Every record below should be written out exactly; pictures stay out.

Dataset items:
::::

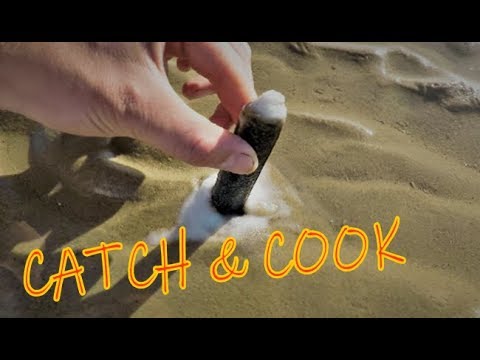 How to catch RAZOR CLAMS - Coastal Sea Foraging - Catch & Cook - Dorset Fishing - Low Tide Foraging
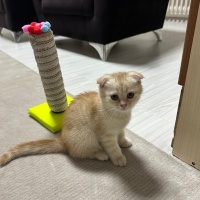 Scottish Fold, Kedi  Scootish fold fotoğrafı
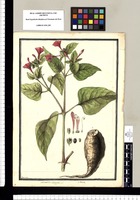 Mirabilis Jalappa L.; a Radix / Brunete. Original drawing from Ruiz & Pavón's Expedition (1777-1816)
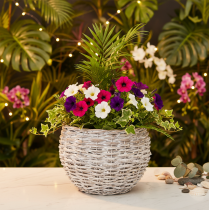 Artículo Cesta redonda tejida, cesta decorativa grande para plantar, 23 cm.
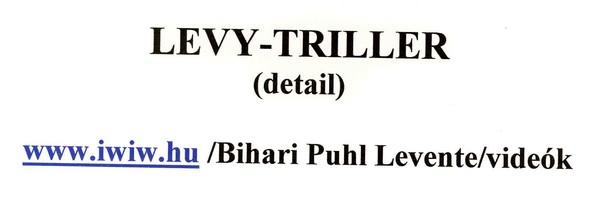 levy-thriller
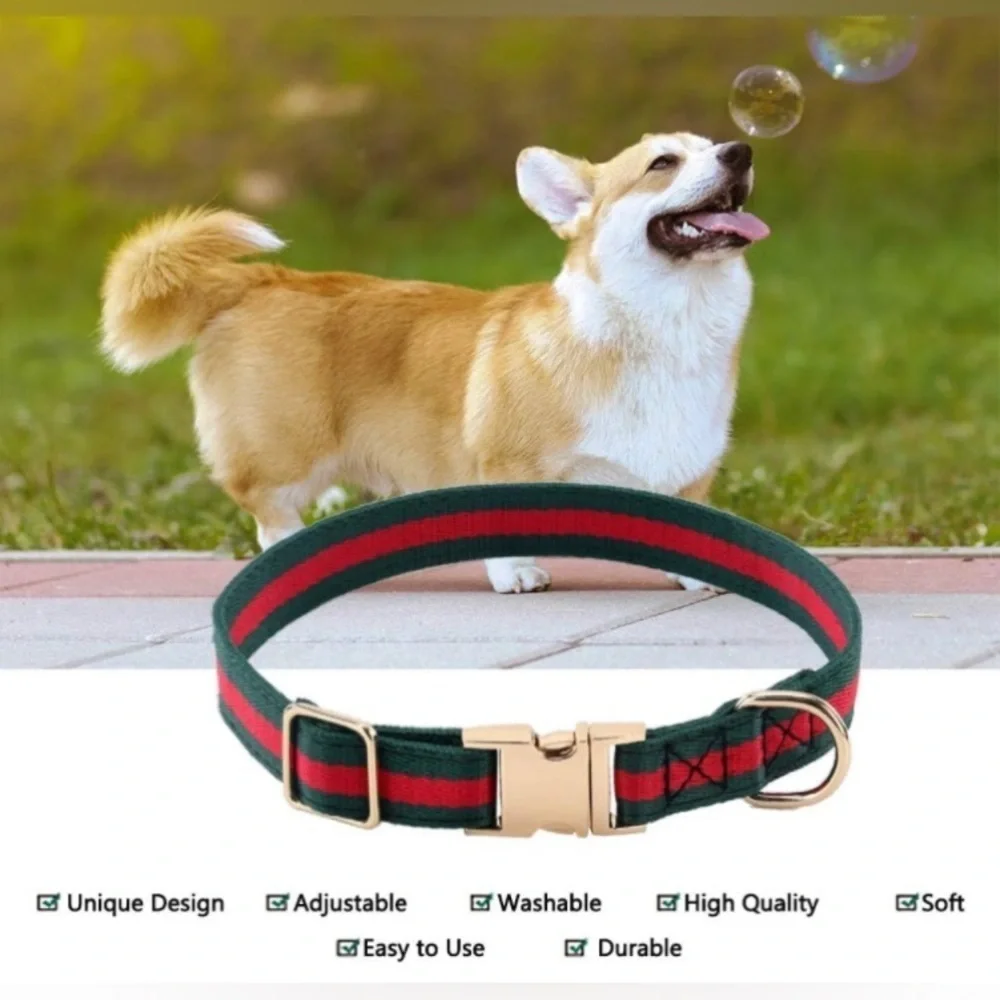 High Fashion Dog Collar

::::

_Exercise output_
 How to catch RAZOR CLAMS - Coastal Sea Foraging - Catch & Cook - Dorset Fishing - Low Tide Foraging
 Scottish Fold, Kedi  Scootish fold fotoğrafı
 Mirabilis Jalappa L.; a Radix / Brunete. Original drawing from Ruiz & Pavón's Expedition (1777-1816)
 Artículo Cesta redonda tejida, cesta decorativa grande para plantar, 23 cm.
 levy-thriller
 High Fashion Dog Collar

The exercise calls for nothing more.